• _TASK ITEM_
Your answer should hold exactly the lines below from the line with "Woman wearing a" through the line with "Goldene Stehlampe mit", both included, and no pictures at all.

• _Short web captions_
====

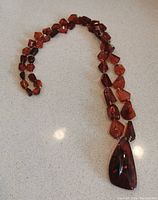 Full view of the amber necklace showcasing the overall length and bead shapes.
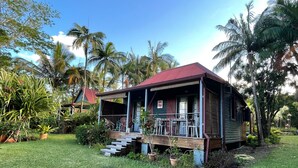 A small, single-story house with a red roof, surrounded by lush greenery and palm trees.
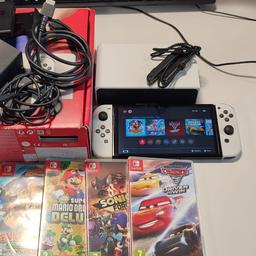 In an excellent condition and comes with box and 4 game titles.

Donkey Kong Country - Tropical Freeze
Super Mario Deluxe
Sonic Forces
Cars 3 Drive to win (downloaded)

Nintendo Oled Official Carry Case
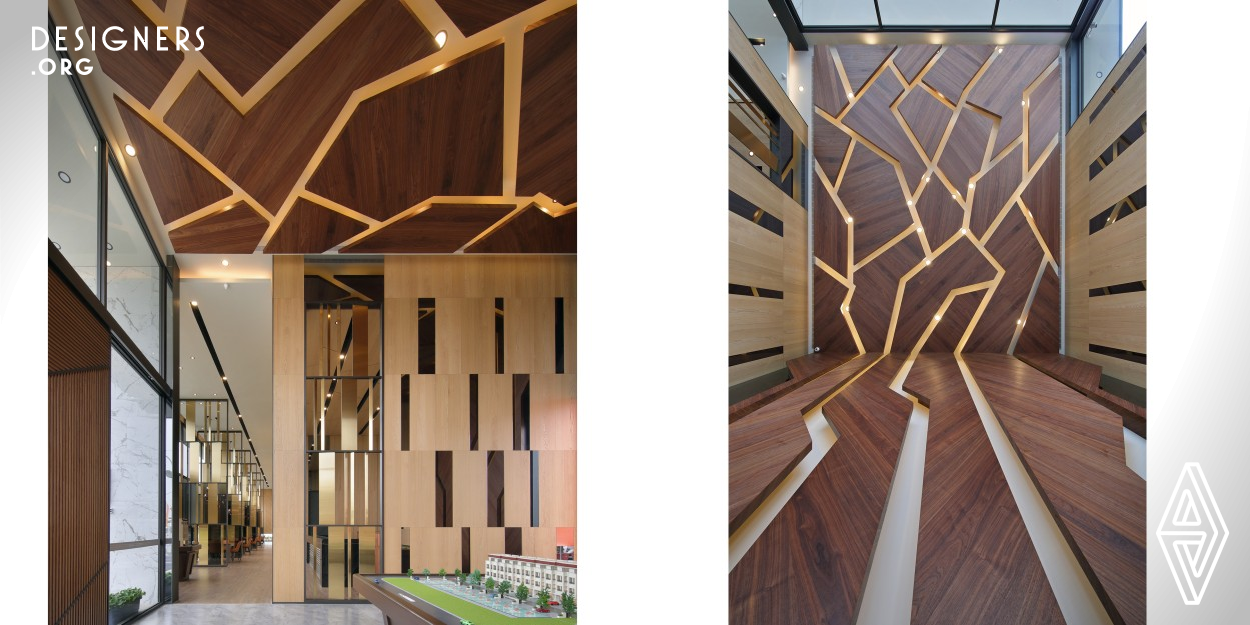 The design idea, therefore, is based on the kiln culture. Near the front entrance at the right building facade, the exhibition space is decorated with the gorgeous patterns resembling the unique ice cracks exclusively produced for the high temperature roasting. The irregular big shapes of wood boards decorated along the way from the wall to ceiling mimic the artistic patterns of the ice cracks. As the wall and ceiling lights shining through the gaps between the wood boards, the exhibition space dazzles through the windows. The exclusive features of golden wire and purple iron foot.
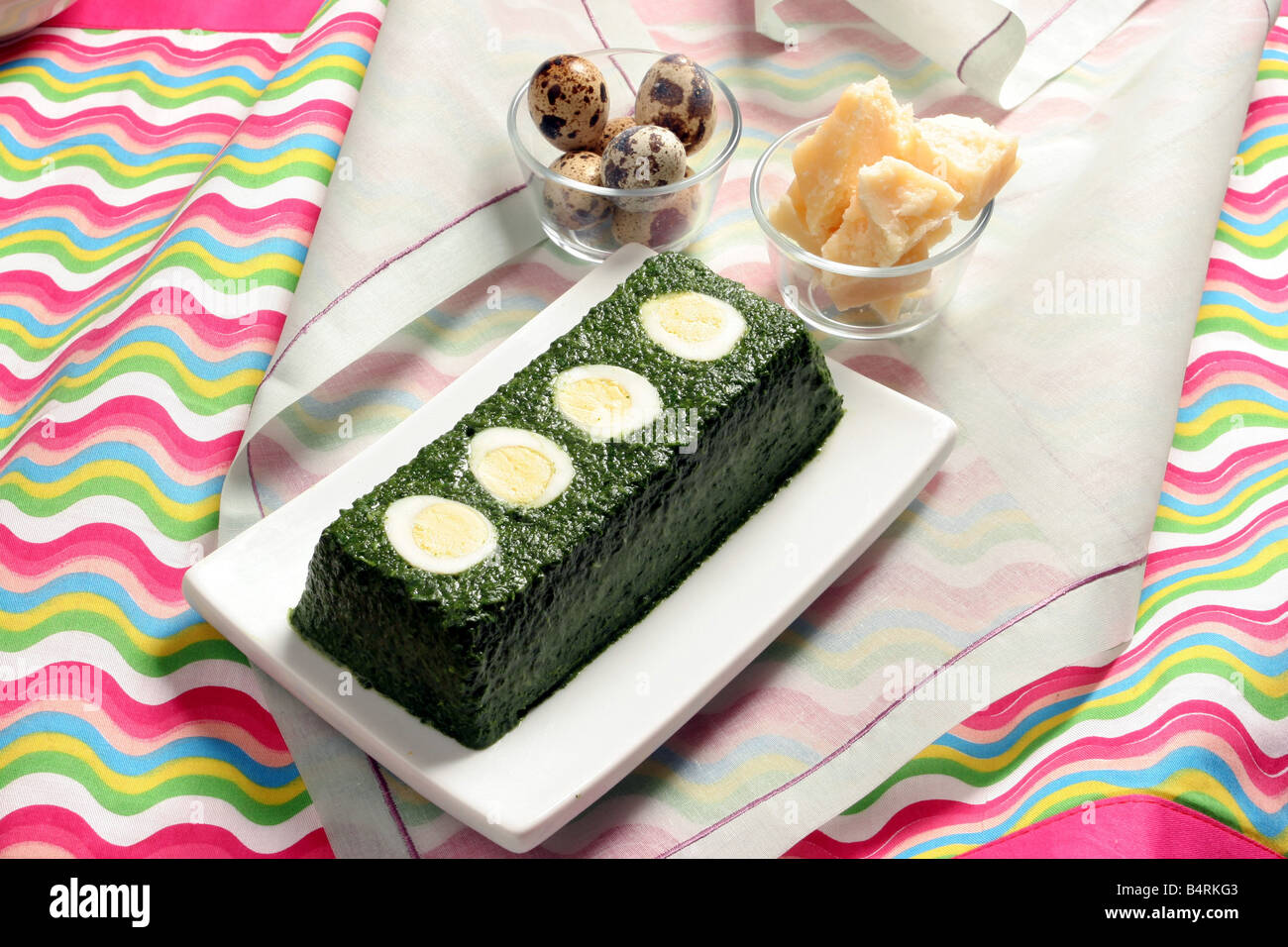 Aspic made with quail's eggs and spinaches Italy Stock Photo Alamy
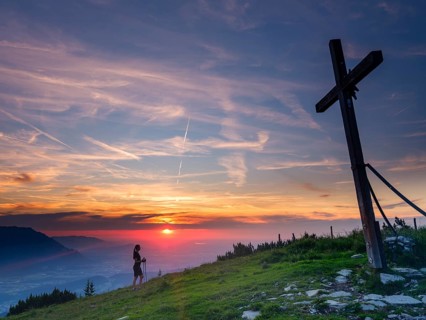Young slim woman with hiking poles next to a summit cross at sunset, cirrus clouds in the sky,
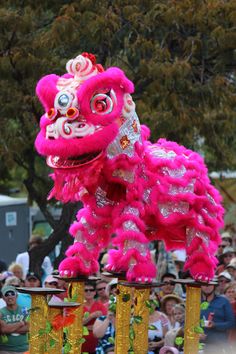 a pink and gold dragon statue in front of a crowd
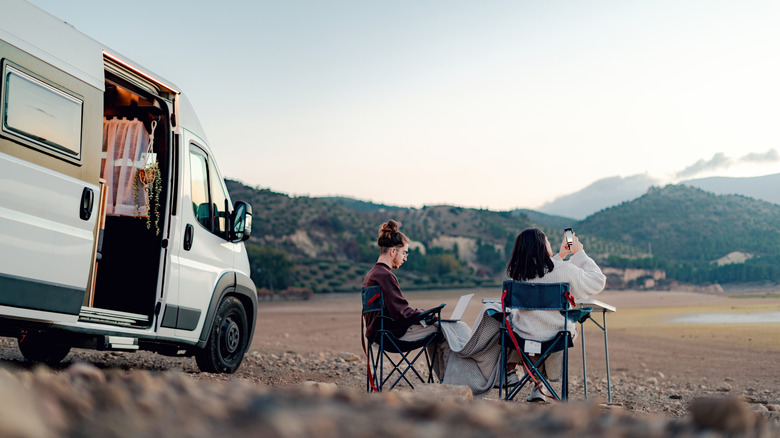 two people sitting in chairs outside of camper van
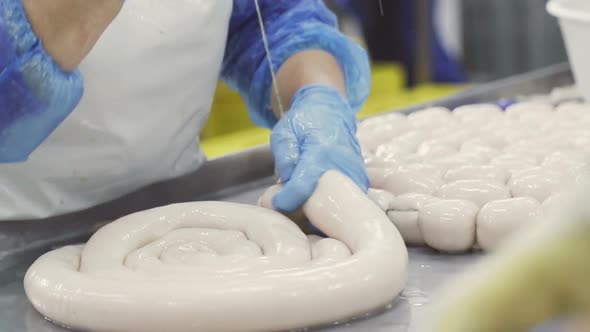 Sausage and Sausage Production Line. Workers in Manual Link Sausages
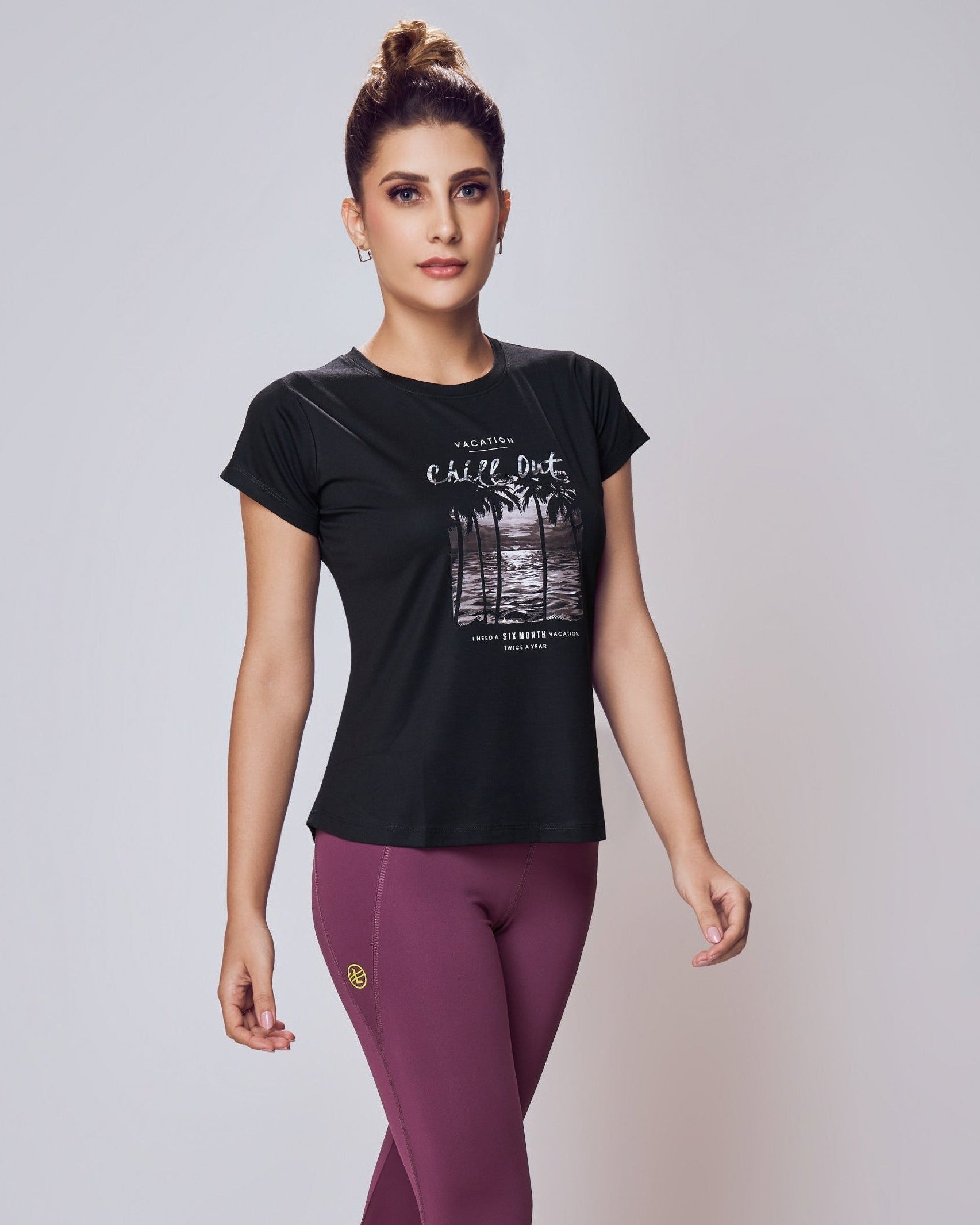 Woman wearing a black t-shirt and purple leggings on a white background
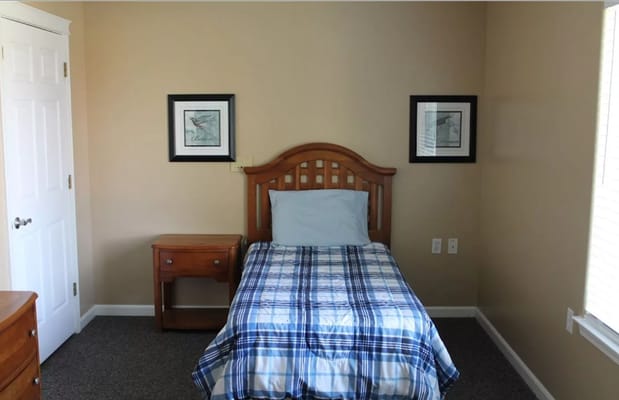 A private resident room with a bed and wall art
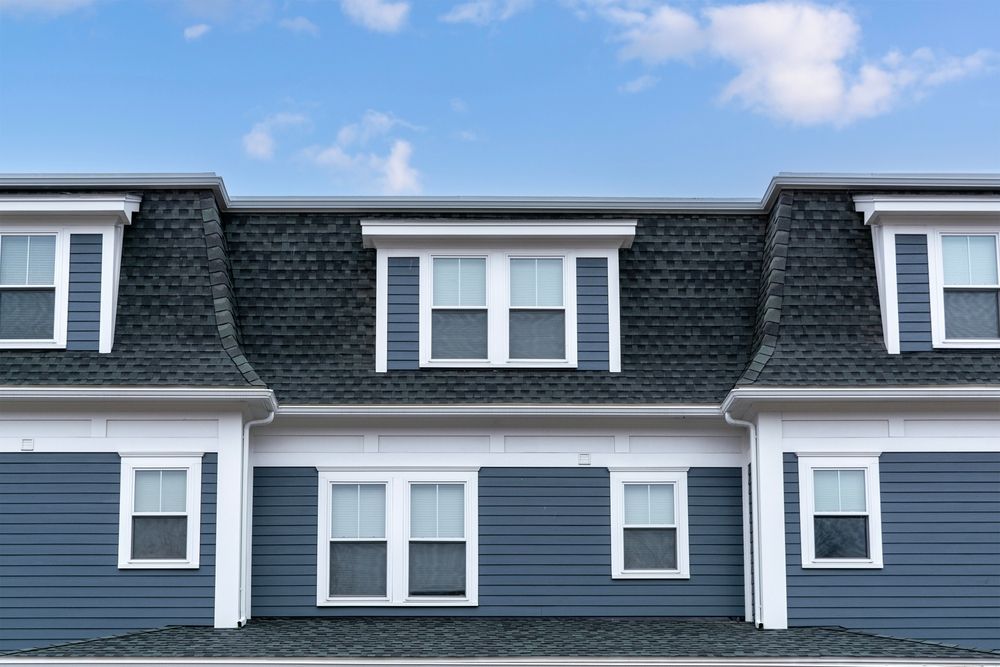 Blue house with gray roof and multiple white-framed windows against a blue sky.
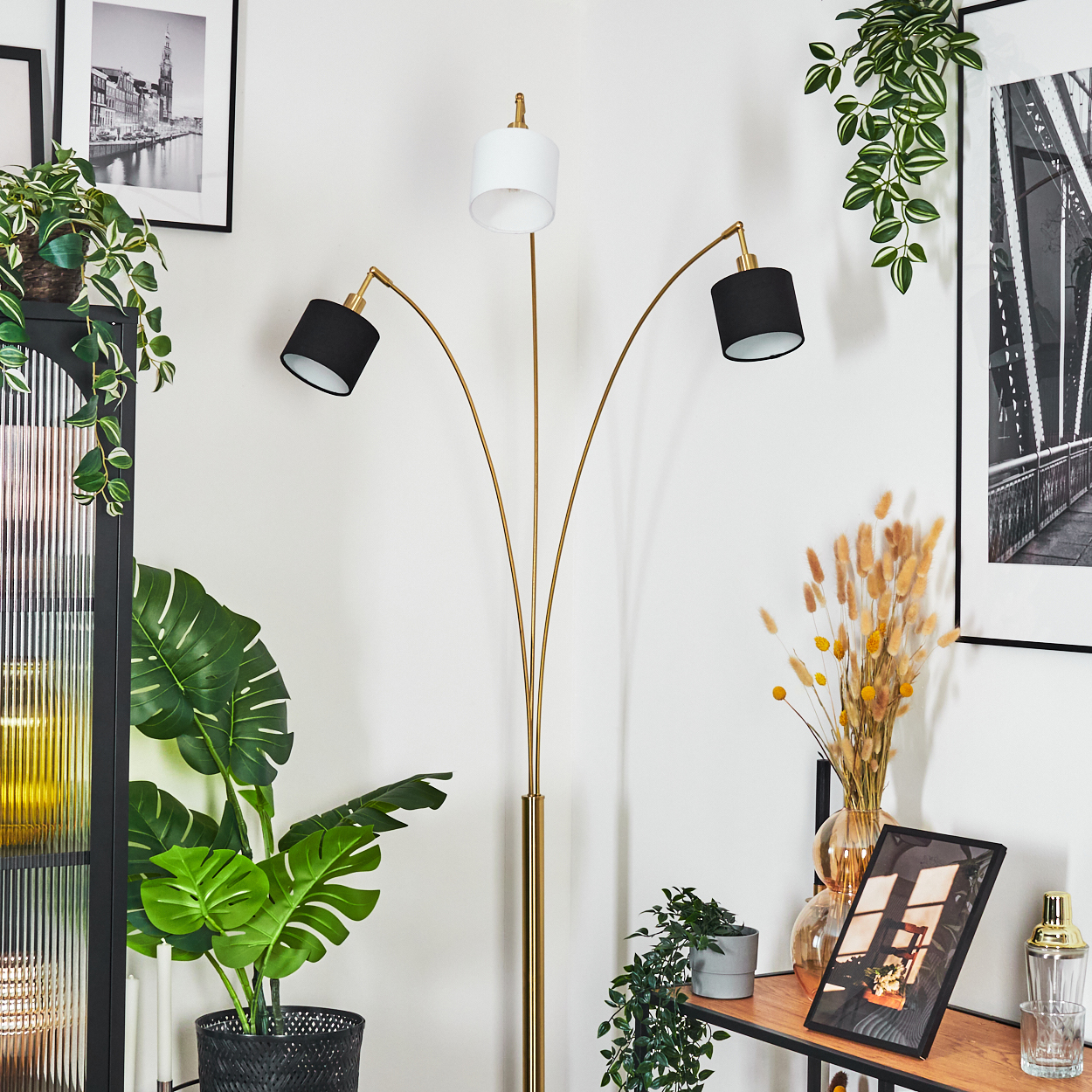 Goldene Stehlampe mit drei Köpfen. Pflanzen und Bilder schmücken die weißen Wände. Ein schwarzes Regal hält Deko.
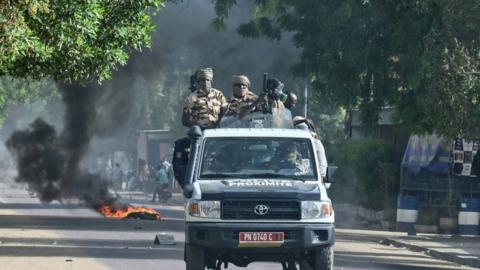 Chad policemen patrol in a vehicle during clashes with opposition demonstrators in N'Djamena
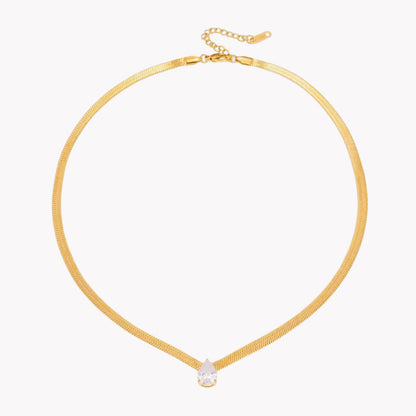 Gold necklace with a small pear pendant on a white background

====

• _RESPONSE TO THE TASK_
 Woman wearing a black t-shirt and purple leggings on a white background
 A private resident room with a bed and wall art
 Blue house with gray roof and multiple white-framed windows against a blue sky.
 Goldene Stehlampe mit drei Köpfen. Pflanzen und Bilder schmücken die weißen Wände. Ein schwarzes Regal hält Deko.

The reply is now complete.